■ Instructions to follow
Write out the records word for word.

[Crawled caption data]

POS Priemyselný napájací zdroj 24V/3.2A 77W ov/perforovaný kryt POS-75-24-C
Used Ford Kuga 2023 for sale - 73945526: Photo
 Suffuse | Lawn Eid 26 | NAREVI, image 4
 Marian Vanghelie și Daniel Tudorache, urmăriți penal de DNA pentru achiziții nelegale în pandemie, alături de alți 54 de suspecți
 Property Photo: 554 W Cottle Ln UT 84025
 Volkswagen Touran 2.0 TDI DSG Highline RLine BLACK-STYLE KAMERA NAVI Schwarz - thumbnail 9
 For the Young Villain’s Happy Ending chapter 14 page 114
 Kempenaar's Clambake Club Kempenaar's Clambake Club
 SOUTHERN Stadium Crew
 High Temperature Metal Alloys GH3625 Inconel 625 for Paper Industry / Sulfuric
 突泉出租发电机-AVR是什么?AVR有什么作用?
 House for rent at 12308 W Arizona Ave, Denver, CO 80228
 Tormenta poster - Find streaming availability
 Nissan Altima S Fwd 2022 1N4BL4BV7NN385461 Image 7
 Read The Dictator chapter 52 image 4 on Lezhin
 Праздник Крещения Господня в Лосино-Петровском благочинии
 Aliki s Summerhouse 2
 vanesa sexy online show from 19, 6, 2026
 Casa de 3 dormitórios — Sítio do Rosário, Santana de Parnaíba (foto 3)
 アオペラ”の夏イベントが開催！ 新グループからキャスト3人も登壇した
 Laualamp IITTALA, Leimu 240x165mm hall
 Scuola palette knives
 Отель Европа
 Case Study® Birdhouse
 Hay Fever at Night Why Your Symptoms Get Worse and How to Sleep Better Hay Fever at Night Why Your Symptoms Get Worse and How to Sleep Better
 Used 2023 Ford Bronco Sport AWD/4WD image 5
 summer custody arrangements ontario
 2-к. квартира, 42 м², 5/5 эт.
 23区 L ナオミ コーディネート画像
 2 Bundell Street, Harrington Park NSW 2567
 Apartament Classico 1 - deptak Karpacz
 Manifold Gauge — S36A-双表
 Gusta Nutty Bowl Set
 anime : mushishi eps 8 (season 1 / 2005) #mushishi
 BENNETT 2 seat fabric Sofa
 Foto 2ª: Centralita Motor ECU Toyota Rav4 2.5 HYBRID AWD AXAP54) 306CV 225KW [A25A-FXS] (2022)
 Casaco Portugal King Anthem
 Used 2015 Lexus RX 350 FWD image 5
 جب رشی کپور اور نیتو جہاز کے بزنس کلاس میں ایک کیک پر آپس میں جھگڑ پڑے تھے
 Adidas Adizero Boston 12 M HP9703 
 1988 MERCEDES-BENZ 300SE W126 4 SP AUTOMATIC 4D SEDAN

■ Your response
POS Priemyselný napájací zdroj 24V/3.2A 77W ov/perforovaný kryt POS-75-24-C
Used Ford Kuga 2023 for sale - 73945526: Photo
 Suffuse | Lawn Eid 26 | NAREVI, image 4
 Marian Vanghelie și Daniel Tudorache, urmăriți penal de DNA pentru achiziții nelegale în pandemie, alături de alți 54 de suspecți
 Property Photo: 554 W Cottle Ln UT 84025
 Volkswagen Touran 2.0 TDI DSG Highline RLine BLACK-STYLE KAMERA NAVI Schwarz - thumbnail 9
 For the Young Villain’s Happy Ending chapter 14 page 114
 Kempenaar's Clambake Club Kempenaar's Clambake Club
 SOUTHERN Stadium Crew
 High Temperature Metal Alloys GH3625 Inconel 625 for Paper Industry / Sulfuric
 突泉出租发电机-AVR是什么?AVR有什么作用?
 House for rent at 12308 W Arizona Ave, Denver, CO 80228
 Tormenta poster - Find streaming availability
 Nissan Altima S Fwd 2022 1N4BL4BV7NN385461 Image 7
 Read The Dictator chapter 52 image 4 on Lezhin
 Праздник Крещения Господня в Лосино-Петровском благочинии
 Aliki s Summerhouse 2
 vanesa sexy online show from 19, 6, 2026
 Casa de 3 dormitórios — Sítio do Rosário, Santana de Parnaíba (foto 3)
 アオペラ”の夏イベントが開催！ 新グループからキャスト3人も登壇した
 Laualamp IITTALA, Leimu 240x165mm hall
 Scuola palette knives
 Отель Европа
 Case Study® Birdhouse
 Hay Fever at Night Why Your Symptoms Get Worse and How to Sleep Better Hay Fever at Night Why Your Symptoms Get Worse and How to Sleep Better
 Used 2023 Ford Bronco Sport AWD/4WD image 5
 summer custody arrangements ontario
 2-к. квартира, 42 м², 5/5 эт.
 23区 L ナオミ コーディネート画像
 2 Bundell Street, Harrington Park NSW 2567
 Apartament Classico 1 - deptak Karpacz
 Manifold Gauge — S36A-双表
 Gusta Nutty Bowl Set
 anime : mushishi eps 8 (season 1 / 2005) #mushishi
 BENNETT 2 seat fabric Sofa
 Foto 2ª: Centralita Motor ECU Toyota Rav4 2.5 HYBRID AWD AXAP54) 306CV 225KW [A25A-FXS] (2022)
 Casaco Portugal King Anthem
 Used 2015 Lexus RX 350 FWD image 5
 جب رشی کپور اور نیتو جہاز کے بزنس کلاس میں ایک کیک پر آپس میں جھگڑ پڑے تھے
 Adidas Adizero Boston 12 M HP9703 
 1988 MERCEDES-BENZ 300SE W126 4 SP AUTOMATIC 4D SEDAN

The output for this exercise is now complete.